Like clockwork, it ricocheted through conspiracy Twitter then Conservative Twitter, finally reaching traditional Conservative media. It’s probably now banging around email forwards. No one is innocent here, certainly not the original Twitter user who knew this would happen but did it anyway (probably staking a claim that the Tweet was to prove a point about gullibility) and certainly not otherwise rational people who decided to become gullible or to willfully ignore satire as a way to score a point for their candidate.

This is no mere anomaly. As long as everyone is a publisher, the tendency to keep trying to influence the masses through deception and willful ignorance will blunt our democratic process.
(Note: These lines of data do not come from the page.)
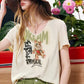 Women's V-Neck Casual T-Shirt with Graffiti Stitch Teddy Bear Graphic Print, Short Sleeve Regular Soft Tee for Summer
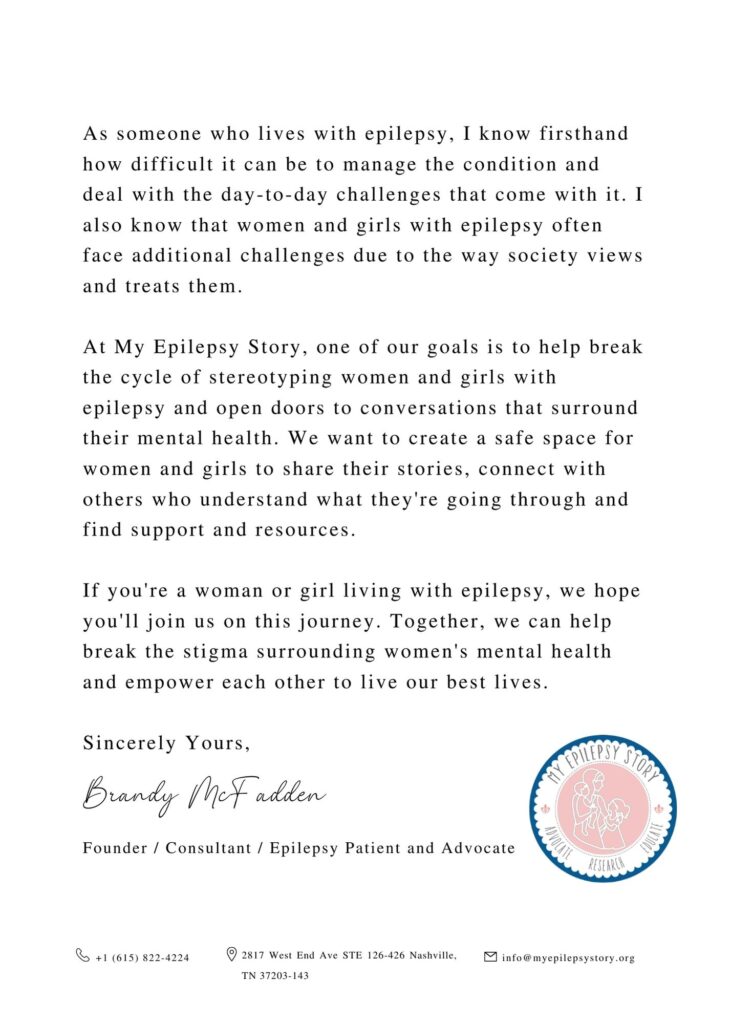 My Epilepsy Story Letter From Brandy
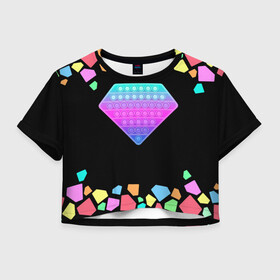 Женская футболка Crop-top 3D с принтом POP IT DIAMOND в Санкт-Петербурге, 100% полиэстер | круглая горловина, длина футболки до линии талии, рукава с отворотами | pop it | simple dimple. симпл димпл | поп ит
Kim Davis: 2012 is still relevant. The GOP commissioned a post mortem examination of Romney’s loss, the “Growth and Opportunity Project,” which recommended outreach to women, African, Asian, Hispanic and gay voters, and what Chairman Reince Priebus called at the time “a softer tone.” While Donald Trump’s rhetoric hasn’t been notably hostile to the LGBT community, his outreach–if that’s the right word–on women’s issues and immigration will have decided the 2016 race.

My only other thought: To paraphrase James Carville (Bill Clinton’s 1992 chief strategist), “it’s the electoral college, stupid.”  That means a really tough path to victory even for a savvy, data-driven Republican campaign.

Perry Simpson: When people say the election has been divisive, they’re usually talking about matters of  race or gender politics. What is less discussed is the clear division between older audiences and younger voters; a division that mostly manifested itself in Bernie Sanders and Donald Trump. In much the same way that older (mostly white) voters have vehemently supported Trump, young progressives were ravenously supportive of Sanders. And the candidates knew this.

Both Sanders and Trump marketed themselves almost exclusively to their respective age demographics, which isn’t itself a bad thing. Marketing budget is ill spent if it doesn’t specifically target existing or prospective customers, right? The problem here is that younger and older audiences were already coping with our new digital economy in widely different ways, and each group became a bit fast and loose with facts in their efforts to support or attack either candidate. As the campaigns progressed these two groups split down the middle to the point where there are now two (or more) alternate digital realities. Facts are relative, polarization is rampant, and “fair and balanced” depends on who you ask.

Alex Neely: The 2016 US Presidential Election, or as it’s more commonly known as Life in the Upside-Down, has provided the country with unquestionably some of the most bizarre headlines, phrases, hashtags and photographs in not just election but news history. It is an ideological nightmare and a reporter’s dream! Election Day is finally here, and with it comes the arrival of a new US president and vice-president and the return of old readerships and ratings.

Elyse Dupre: This election has been all about the emails. Not just the ones recently reviewed by the FBI, but also the ones flooding voters’ inboxes on a daily basis. Hillary Clinton’s campaign has had high email send volume (with this DMN staffer counting up to seven emails in one day). These messages—addressed from her campaign staff, Barack and Michelle Obama, Tim Kaine, and Hillary and Chelsea Clinton—primarily solicit donations from voters; although, others have asked people to share their support on social media, participate in campaign contests, or make calls. Donald Trump’s campaign has been emailing supporters, as well, although less frequently—sometimes two to four times a day, according to this editor’s count—and from multiple domains.

Like Clinton’s staff, team Trump has been soliciting donations. His campaign has also notified voters about events and asked them to show their support via social media. Although, the Republican candidate faced spam issues in the past. Recent data from eDataSource shows Clinton’s campaign pulling ahead in terms of projected reach and average inbox rate; however, Trump takes the lead in terms of average read rate. And while the race ends Tuesday, voters can may continue to receive emails for a while.